Wednesday, January 05, 2011

Grace

Joel Goldsmith frequently recommends that one ask God for, or invoke, grace. I decided that although I thought I knew what grace was, I had better contemplate it and see what I came up with. Thus, this morning's meditation focused on grace. As I contemplated, it came to me that grace is a blessing and I asked what that meant and I got that it was something that, in this case, pleases the soul. This didn't fit with my idea of what grace is.

I felt confused by this explanation and questioned Universe as it didn't seem right that grace is a blessing and something bestowed upon my soul to please it. Rather, I thought that grace is some sort of God-given shot of positive energy.
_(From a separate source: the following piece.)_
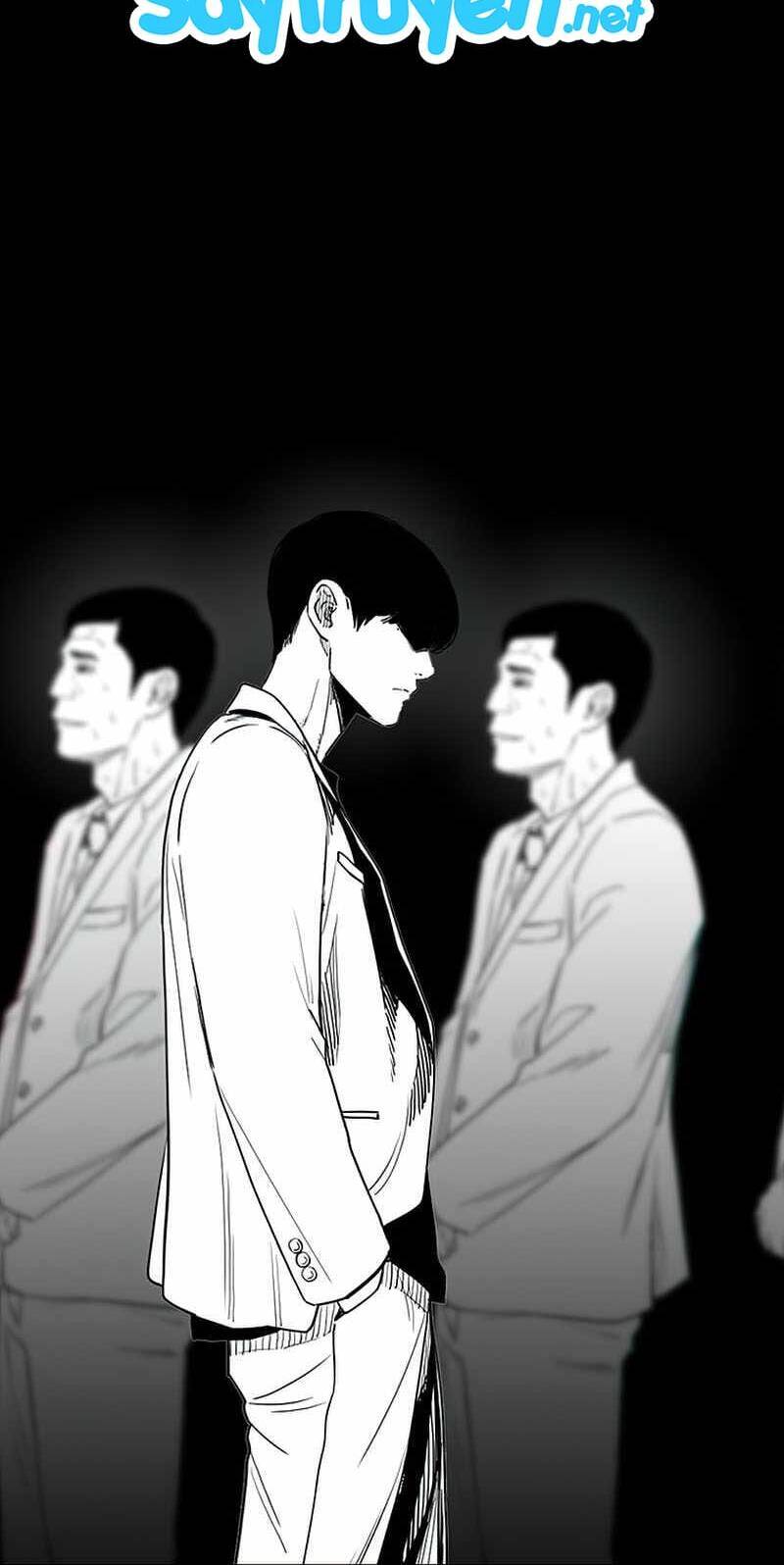 Bạt Tai Chapter 4 - 82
I received a mental lecture from Universe on keeping soul and humanhood apart and was told that what pleases one's soul might not please one's humanhood. In other words, something that helps the soul evolve is delightful to the soul, even if one humanly despises it. I remembered an example: when I was doing one of my college practicums which centred around helping at a parent and tot drop-in programme, the human part of me was sometimes quite bored, but after about thirty to forty-five minutes into each morning session with these small children, another part of me found itself delighted and beaming or shining with joy. I can only think that this was my soul being touched by all the energy of these bright clean souls that surrounded me. Illness (and pain) is another experience that I don't enjoy, not that I am very often ill, but it is possible that my soul derives great pleasure or growth from the experience.
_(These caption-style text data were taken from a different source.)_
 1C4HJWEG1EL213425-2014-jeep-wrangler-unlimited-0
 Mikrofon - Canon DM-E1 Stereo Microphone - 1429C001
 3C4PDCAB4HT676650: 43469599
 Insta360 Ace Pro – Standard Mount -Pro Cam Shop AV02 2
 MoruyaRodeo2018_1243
This experience is also interesting to me because it highlights my humanhood and how I view the world from the false self's perspective while showing me that there is another part of me that is having quite a different experience. In other words, it shows me that the ego or humanhood can be feeling one thing while the soul is being energized by something quite different. It is not very long ago that I probably would have only noticed that I was bored, and paid no attention to the part of me that was delighted by the energy field of these small bodies. Now I can see that the boredom was a figment of my ego or false self and did not touch my soul. The experience also indicates an aspect about me that needs work: I have to learn how to allow boredom to die into the abyss, or discover the steps I need to take to rid myself of it.
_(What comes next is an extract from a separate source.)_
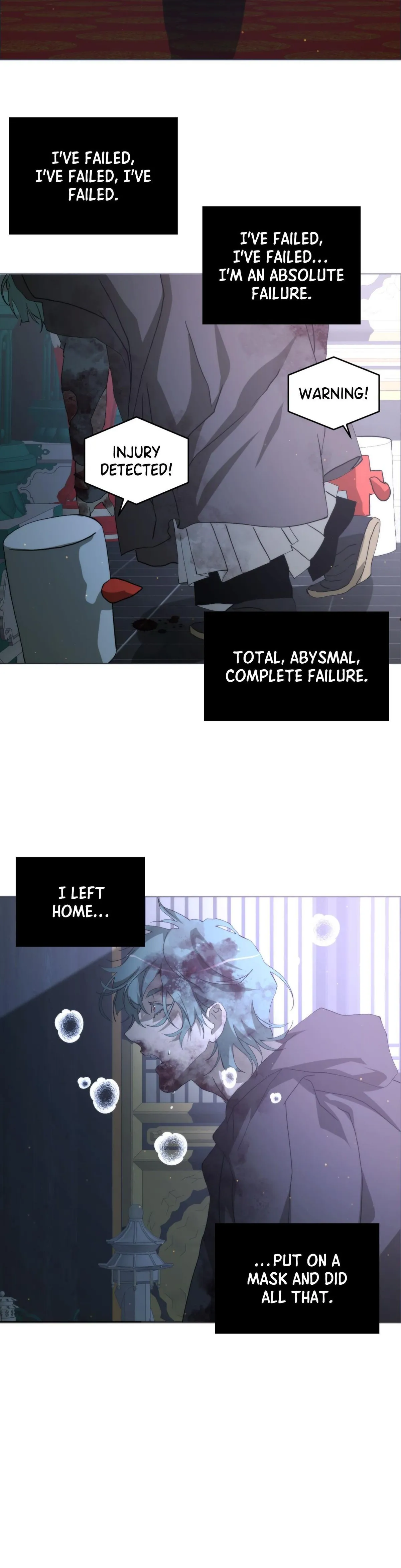 Manga page 56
Actually, how I felt after being with those toddlers for a few minutes reminds me very much of how my father looked for a brief few minutes, a number of days before he died. During the last month or so before his death, it seemed to me that part of him (soul?) stayed away while his body failed. The term, "nobody home," came to my mind often as I was helping him, even though he remained lucid, able to communicate, and seemed to feel emotions and demands of his body; however, there was something quintessential that was missing from him, for most of his final month. On the occasion a few days before his body died, he took my hand and thanked me for all I had done for him. As he did this, a peace and joy emanated, no, shone, from his face. He was quite transformed, despite being so ill. I am certain that I have radiated similar qualities when my body was feeling that something is boring or tedious or I am not enjoying myself, while at the same time everything seemed right and a part of me was indescribably happy.


I have just finished looking up an On-line definition for grace and here is what I found, minus some unrelated definitions, verbal conjugations of the word, and including theological and non-theological definitions:

–noun
1. elegance or beauty of form, manner, motion, or action.
2. a pleasing or attractive quality or endowment.
3. favour or good will.
4. a manifestation of favour, esp. by a superior: It was only through the dean's grace that I wasn't expelled from school.
5. mercy; clemency; pardon: an act of grace.
6. favour shown in granting a delay or temporary immunity.
8. Theology.
    a. the freely given, unmerited favour and love of God.
    b. the influence or spirit of God operating in humans to regenerate or strenthen them.
    c. a virtue or excellence of divine origin: the Christian graces. 
    d. Also called state of grace, the condition of being in God's favour or one of the elect.


9. moral strength: the grace to perform a duty.

As I read these definitions a number of hours post-contemplation, I realize that I have always defined grace as 8.b.: the influence or spirit of God operating in humans to regenerate or strenthen them. Now I realize that during my contemplation, I was told that it is 8.a.: the freely given, unmerited favour and love of God that is appropriate to me at the moment; however, it is only in retrospect that I am understanding 8.a. What first came to me during my session of contemplation, was definition 2.: that grace is a pleasing or attractive quality or endowment. It fits with the realization that endowment for the soul doesn't mean that my humanhood necessarily likes something.
This experience has been a great trust-builder.